Eugène Young, capitaine de la PJ de Malatesta, traine avec lui la casserole d'une enquête ratée. Mais aussi sa relation complexe avec sa mère Alice et sa collègue, « Flic partenaire il a espéré avoir un jour l'occasion de présenter Theresa Mayor à sa mère, passionnée d'opéra- He mirat aquesta terra, de Raimon-. Sa mère Alice 78 ans, picole. La Monique dit toujours qu'Alice « a une descente qu'on voudrait pas monter à vélo ».

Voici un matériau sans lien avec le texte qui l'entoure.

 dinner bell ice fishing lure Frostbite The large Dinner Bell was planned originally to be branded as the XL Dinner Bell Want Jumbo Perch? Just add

Élodie Fasel, « capitaine de la brigade criminelle de Neustadt, après dix années passées aux Stups de Volia » se démêlant avec ses problèmes de couple. Son mari Dimitri, après un accident à quitté la police et le vit mal.

Comme toujours dans les affaires policières, il faut suivre la femme ou l'argent
« Henri Genet. Cherche-le. C'est un banquier et c'est toujours l'argent qu'il faut suivre. Je ne peux pas t'en dire davantage. » conseille-t-on à Eugène Young

Ce roman est une belle découverte, servi par une écriture sans esbrouffe. Les personnages sont crédibles et taillés sur mesure. le contexte économique social et politique est réaliste et très proche de ce que nous connaissons en Europe. L'enquête est menée tambour battant avec une utilisation ingénieuse des classiques du genre : concurrence entre services de police, lutte entre la procureure Gabrielle Molina et la police, inspecteurs tiraillés entre leur travail et leur vie privée, journalistes à l'affut, hommes politiques plus soucieux de leur carrière que de l'intérêt général, tractations souterraines pour le pouvoir, affaires périphériques surgissant au cours de l'enquête amenant le lecteur sur des fausses pistes.

Mais la vie continue :
« le temps de sa lecture, le café a repris son bruissement naturel. À la table des joueurs de dés, on cause météo et récoltes. Les autres discussions ne sont guère plus intéressantes : le chien de la Denise, le prix de l'électricité, l'entretien du parc éolien, etc. Il patiente, espérant que l'alcool fasse émerger des sujets plus sensibles. Deux heures plus tard, le lecteur De Wilde en est toujours à la même page – mais pas au même verre. »
Comme dirait Giuseppe Tomasi di Lampedusa
« Il faut que tout change pour que rien ne change »

A lire. Aucun spoil dans cette chronique. A la fin du roman, vous serez scotchés comme je l'ai été.